#### [Task to complete]
Please repeat exactly the lines below from the line with "세포랩 바이오제닉 에센스" to the line with "Colanți Fishnet cu", including both, and leave out every picture.

#### [Records supplied]
=== Begin Enclosure ===

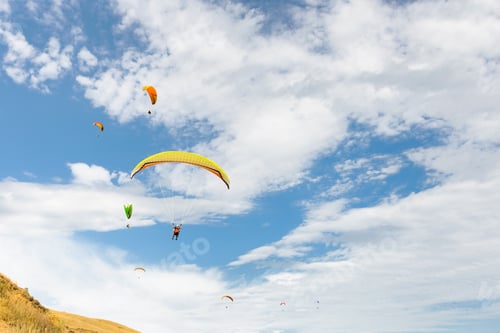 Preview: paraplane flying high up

=== End Enclosure ===
=== Begin Enclosure ===

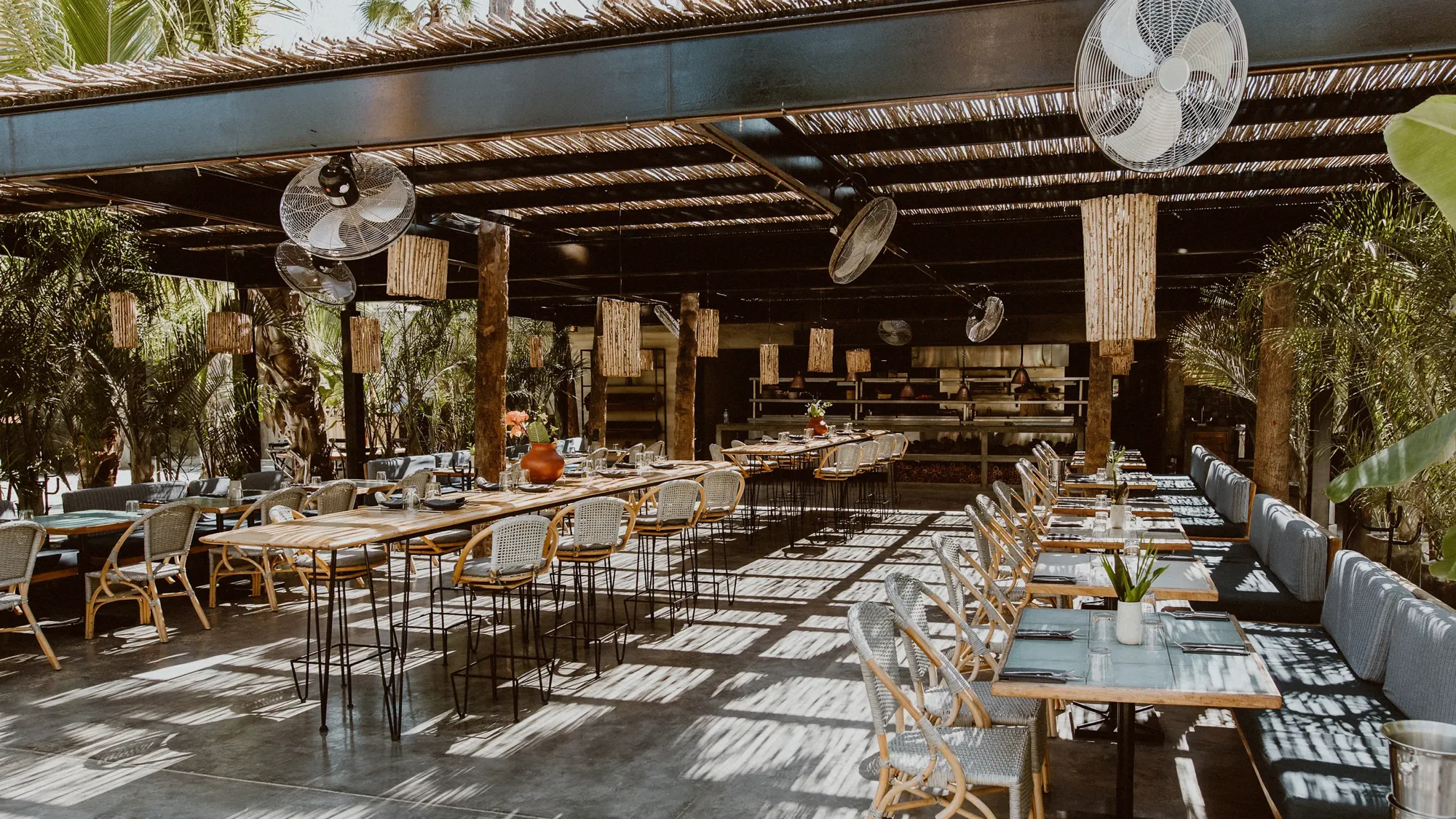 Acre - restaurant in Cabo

=== End Enclosure ===
=== Begin Enclosure ===

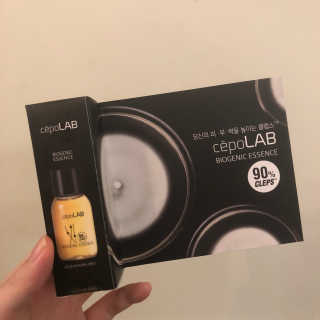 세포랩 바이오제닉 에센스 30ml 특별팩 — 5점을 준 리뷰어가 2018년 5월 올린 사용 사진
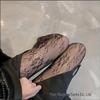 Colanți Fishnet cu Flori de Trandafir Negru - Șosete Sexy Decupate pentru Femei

=== End Enclosure ===

#### [Answer below]
 세포랩 바이오제닉 에센스 30ml 특별팩 — 5점을 준 리뷰어가 2018년 5월 올린 사용 사진
 Colanți Fishnet cu Flori de Trandafir Negru - Șosete Sexy Decupate pentru Femei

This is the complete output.